Tingginya harga bahan kebutuhan pokok di wilayah timur Indonesia, kerap dikaitkan dengan

faktor terbatasnya infrastruktur yang menghambat arus barang. Infrastruktur juga dijadikan

salah satu penyebab utama rendahnya minat investasi di luar pulau Jawa. Minimnya sarana

dan prasarana menjadi bahan pertimbangan investor untuk menanamkan modalnya. Turunnya

daya saing Indonesia di antara negara lain, lagi-lagi disebabkan karena kondisi infrastruktur

yang belum memadai dan berada jauh di bawah negara lain dalam satu kawasan.

Kualitas infrastruktur di Tanah Air juga dituding menjadi salah satu faktor yang menghambat

akselerasi laju pertumbuhan ekonomi nasional. Selalu saja masalahnya pada sektor

infrastruktur. Ekonom Standard Chartered Bank Eric Sugandi mengatakan, kondisi infrastruktur

Indonesia sangat memprihatinkan dibandingkan negara-negara Asia Tenggara (ASEAN). “Di

antara negara-negara se-Asia Tenggara, kualitas infrastruktur di Indonesia menjadi terendah

kedua, hanya lebih baik dari Filipina,” kata Eric di Jakarta beberapa waktu lalu. Dalam laporan

World Economic Forum 2012-2013, kualitas infrastruktur Indonesia benar-benar berada di titik

nadir. Infrastruktur Indonesia berada di urutan ke 92.
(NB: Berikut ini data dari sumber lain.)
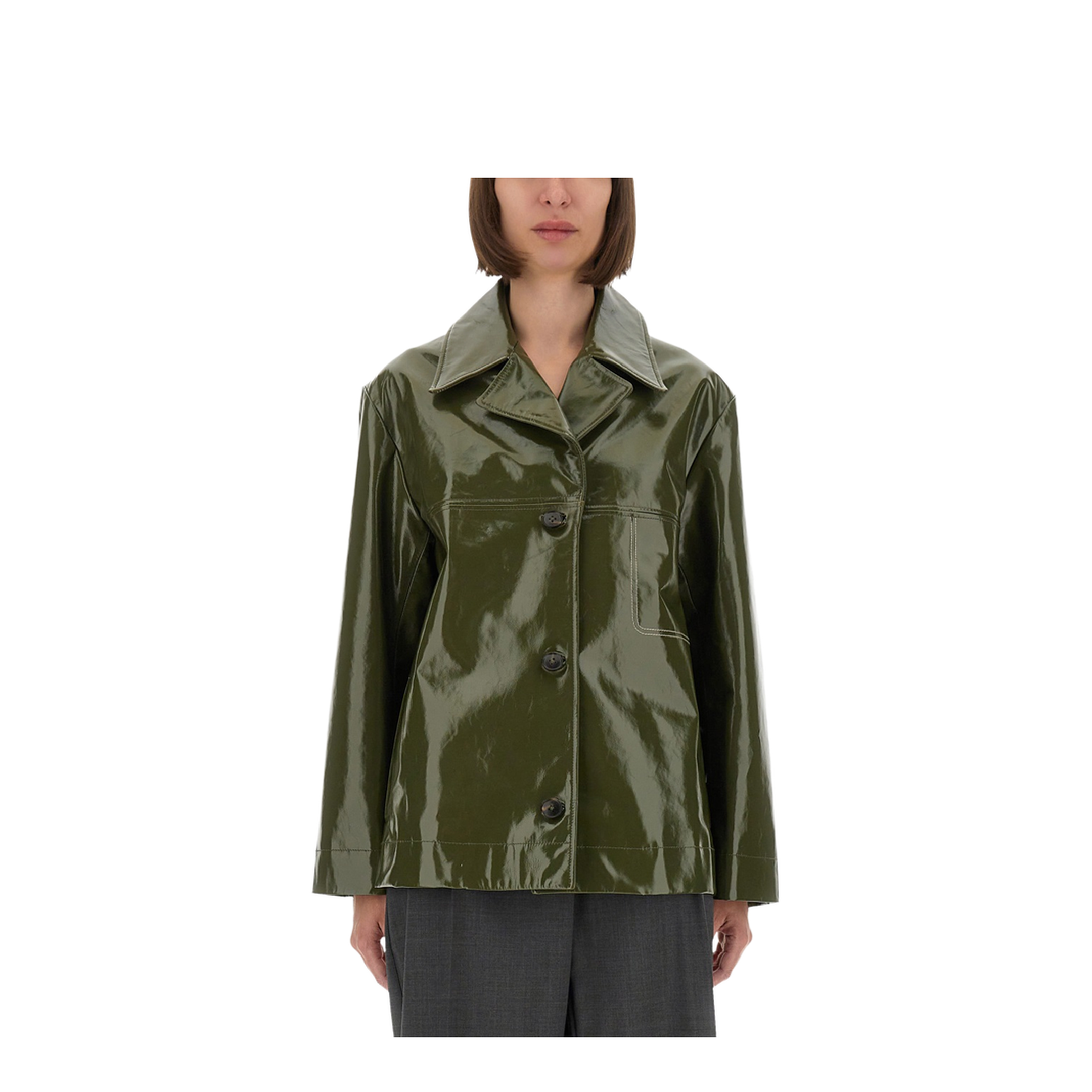 Shiny Leather Jacket - Image 1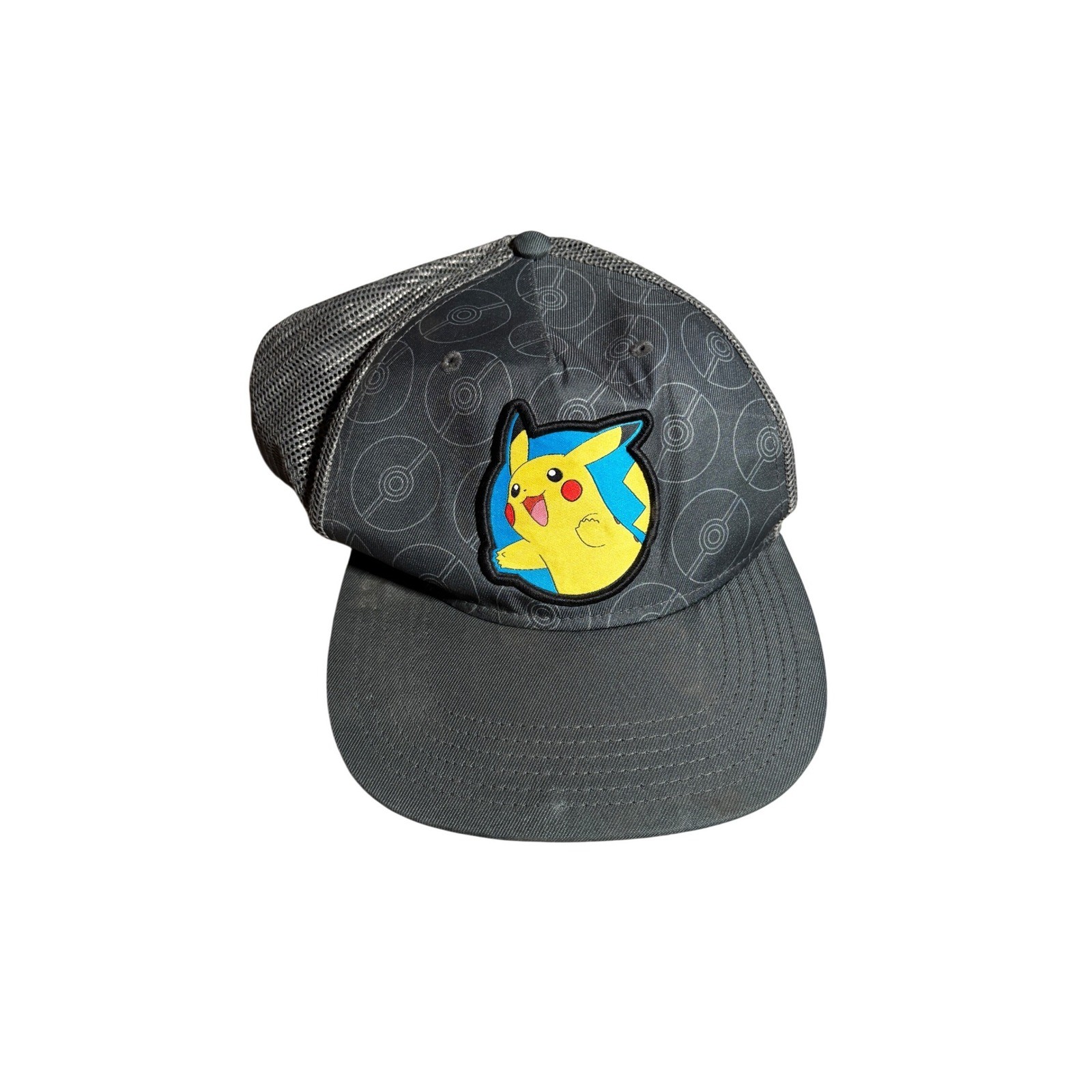 Pokemon Pikachu Trucker Hat Grey Poke Ball Pattern Snapback Mesh Cap OSFA
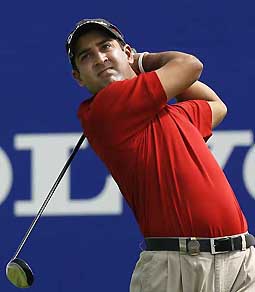 Indias Shiv Kapur tees off on day one of the Volvo Masters of Asia golf tournament at the Thai Country Club in Bangkok on Thursday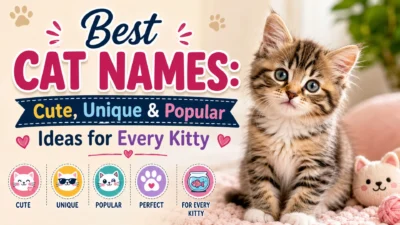 Fluffy kitten beside colorful best cat names text featuring cute, unique, and popular ideas for every kitty.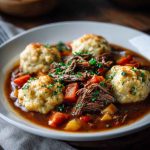 A rustic bowl of beef stew with tender chunks of beef, carrots, and peas, topped with fluffy golden dumplings and garnished with fresh thyme.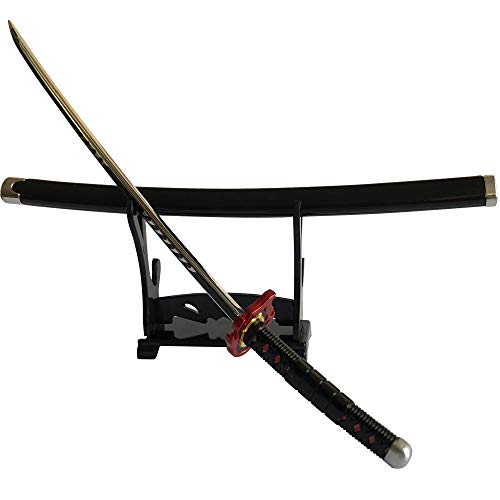 Demon Slayer 1/6 Size 10'' Kamado Tanjirou Sword Samurai Sword Katana Knife Game Collection Sword Toys Sword Party Supplies Gift Sword Metal Room Decoration Sword + Display Stand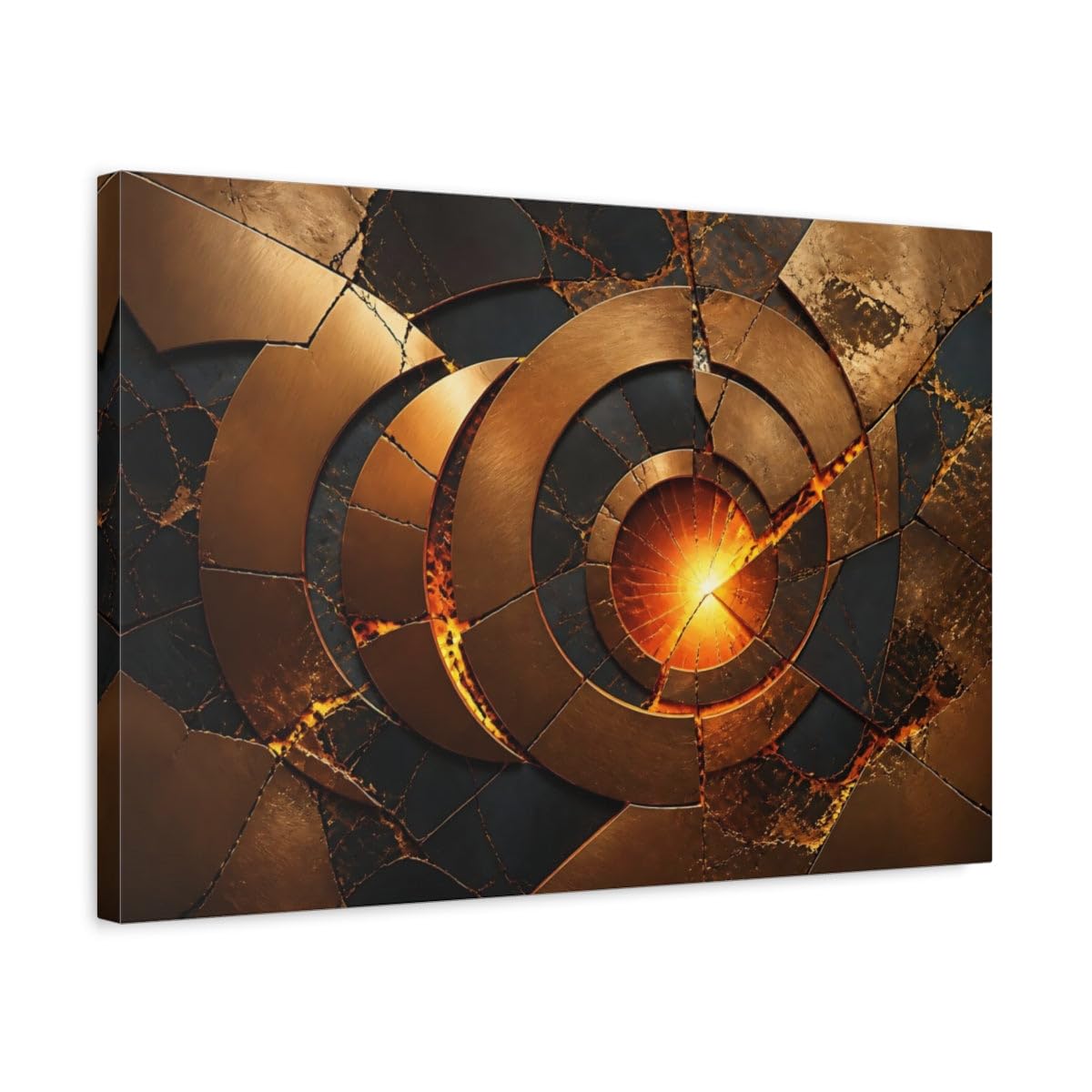 Abstract Fractured Bronze Circles Canvas Print – Living Room, Above Console Table, Black 24×16 inch (60×40 cm) - Horizontal / 1.25 inch (3 cm)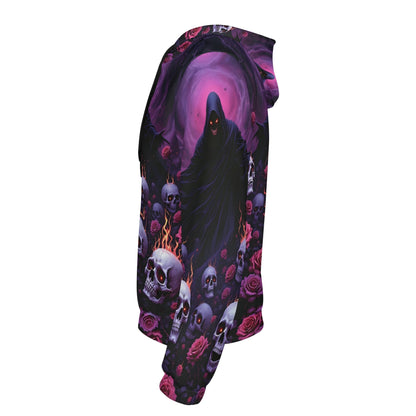 Loud and Lethal Eternal Defiance Cotton Terry hoodie with dark hooded figure and skull design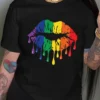 Black Casual Lips Print Gradient O Neck T-Shirts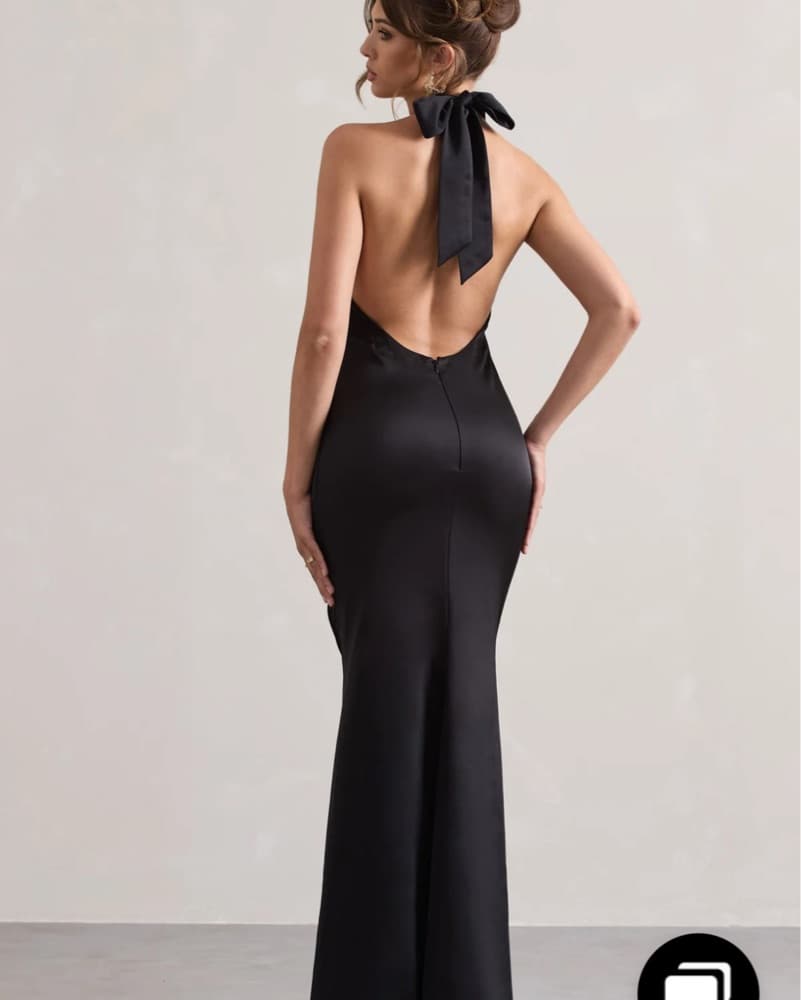 Club L London Black Halter Gown - Image 4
Sementara Filipina berada di posisi 98 dan Malaysia berada di posisi 29. Singapura berada

di posisi kedua dengan infrastruktur terbaik di Asia Tenggara. Dibanding laporan pada 2011-

2012, ranking kualitas infrastruktur Indonesia menurun. Tahun lalu Indonesia ada di peringkat

82. Sementara Filipina saat itu masih di ranking 113 dan Malaysia berada di ranking 23.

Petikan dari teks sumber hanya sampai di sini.